Lectric XP Lite Review: Slimmer, Lighter, Annoying



Once it is folded up, it’s not comfortable to carry; the wheels don’t stay closed together (unlike the Montague M-E1) and the grab handle is tiny, so my knuckles bang against the metal frame. Yowch. It’s great that I can fold this ebike up and store it in my living room, but I just wish it was easier to manage. 


You can remove the battery from the Lectric XP Lite when it’s in its folded state, which is a nice perk if you don’t want to carry the bike inside. While you can charge the XP Lite without removing the battery, the charging port frustratingly sits on the inside of the frame when it’s folded, and it’s a tight fit to squeeze the charger into the port. You have to spread the ebike open a little to make some room, which seems like a silly design flaw. 

The company still has a physical key you need to insert into the underside of the bike to turn the battery on, though you start the ebike with the power button on the handlebar. I don’t mind having a key—it makes me feel like I’m about to rev up a motorbike, like Captain America—it’s just so not cool hunting for the spot to insert the key, hunched down and looking up at the underside of the frame like some sort of street goblin.  

Fat Tires


The riding experience isn’t complicated at all because the Lite is a single-speed ebike. You don’t have to worry about the derailleur locking up or having to switch gears, just choose the level of pedal assistance you want (one through five) and ride. There’s also a throttle in case you want to make things even easier. 

There’s no suspension here, but I didn’t mind. The fat tires, which aren’t as fat as on the Lectric XP, are still thick enough to absorb those bumps and dents in the road, so I never felt uncomfortable, even on some truly awful roads here in Brooklyn. Just make sure to get some fenders if you plan on riding in wet conditions. (You shouldn’t ride it in the rain, but the components are IP65 water-resistant, so it can handle some splashes.)  

Lectric uses a 300-W rear hub motor, and the same flaw I’ve seen on nearly all rear hub motors still exists: The motor keeps running for a few seconds even after you stop pedaling. It’s easy to get the hang of, but you just need to be aware of it so you can hit the brakes at the right time. Speaking of, I’ve had no trouble coming to a full stop on this thing. The brakes are pretty reliable. 
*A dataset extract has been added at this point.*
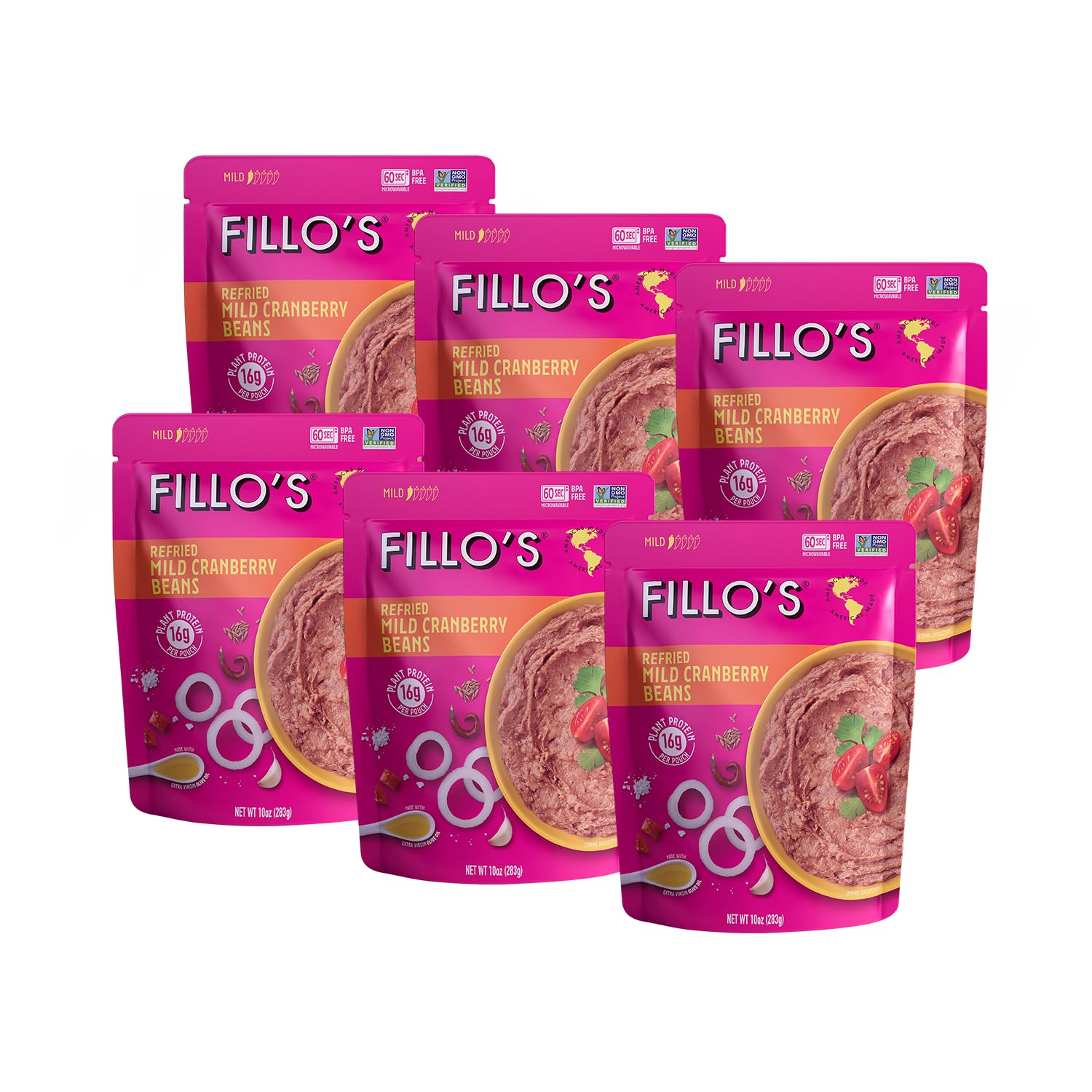 Fillo'S Refried Beans - Made With Roman Borlotti Beans Aka Cranberry Beans, Ready To Eat Beans, 10 Oz Pk Of 6, Gluten-Free, Micr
That might be because it doesn’t go very fast. I cruised at 16 to 20 miles per hour on the original Lectric, but I usually went about 13 mph on the XP Lite at level three pedal assistance. You can probably get to 16 or 17 miles per hour at its fastest speed setting, but that will drain the battery really fast. At level three, which was zero effort on the original Lectric, the Lite will make you feel a tingling in your quads as you pedal and your heart rate will go up, especially uphill. It’s just not as powerful, so don’t expect a sweaty-less ride. Unless you just set it to level four or five, but then you’ll be quite conscious of the battery.